George Martin and the Beatles: A Producer’s Impact, in Five Songs

When we hear a great recording, we tend to think of the music as having sprung fully developed from the imagination of the musician or band that cut the tracks. But that ignores the role of the producer, who translates the musician’s vision into the sound we experience.

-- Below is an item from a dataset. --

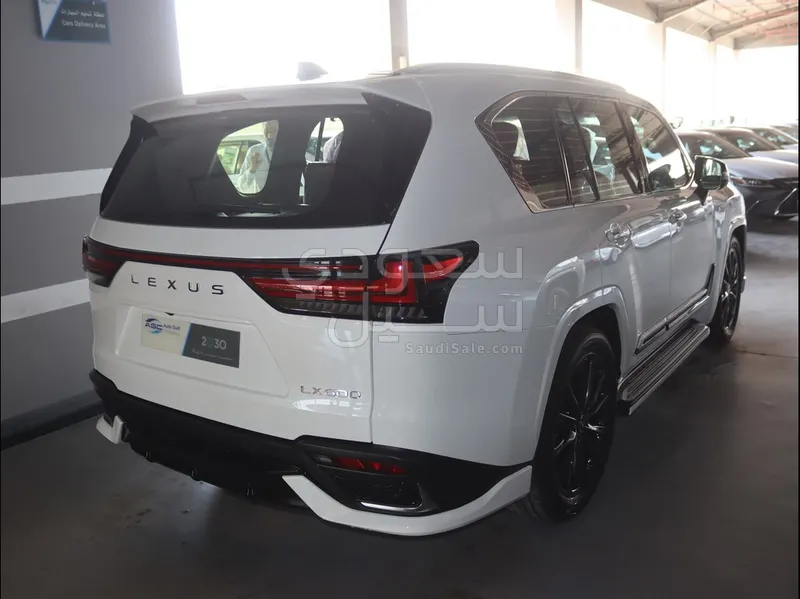 2025 لكزس إل إكس 600 إف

The contributions that George Martin, who died Tuesday at 90, made to the Beatles’ recorded catalog were crucial, and although he was the first to say that most of the credit belongs to the band, many of the group’s greatest songs owe their sound and character to his inspired behind-the-scenes work. Here are a few of his most telling musical fingerprints:

‘From Me to You’

When the Beatles turned up at EMI’s studios on Abbey Road to record their third single, on March 5, 1963, they brought “From Me to You,” a short song that John Lennon and Paul McCartney had started writing less than a week earlier. Mr. Martin pondered the possibilities through the first four takes, and then proposed a solution for the song’s two biggest problems, its brevity and lack of variety. After two verses, a bridge and a repeat of the first verse, the Beatles would play the verse yet again, this time with the first two lines as a short instrumental break, punctuated with the phrases “from me” (after the first line) and “to you” (after the second), before singing the final two lines. To fill out the break, Mr. Martin had Lennon play the song’s melody on the harmonica, shadowed by Mr. McCartney on the bass.

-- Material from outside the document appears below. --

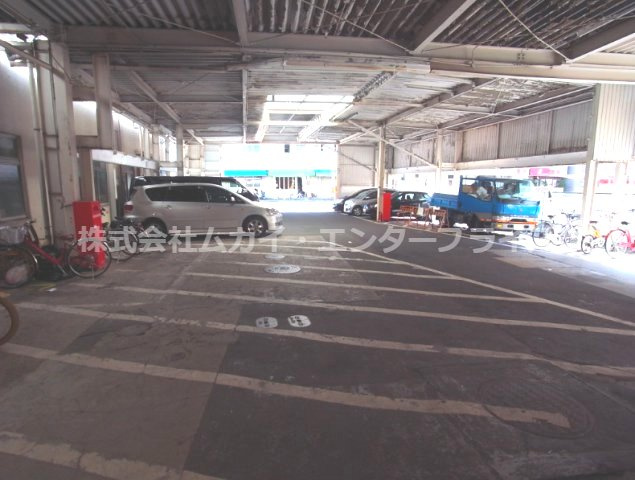 GWシューズタウンビルの内装|中はこのようになっています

For the introduction, Mr. Martin experimented with a string of overdubs. In one, Lennon played the tune on the harmonica. In another, the group hummed it. They also sang it, twice using the syllables “da-da-da, da-da, dun dun da,” and once with a falsetto floating across the top. In the end, Mr. Martin chose a combination of the harmonica and the sung line (sans falsetto), which establishes the song’s bright character immediately.


Mr. McCartney first played Mr. Martin his classic torch song during the group’s Paris residency in January 1964, so the producer had plenty of time to mull how to handle it. The group may have considered it, at first, as simply a ballad that would get the full-band treatment. But when Mr. McCartney decided to record it, during the “Help!” sessions in 1965, Mr. Martin proposed that Mr. McCartney accompany himself on an acoustic guitar, with a string quartet taking the place of the other Beatles.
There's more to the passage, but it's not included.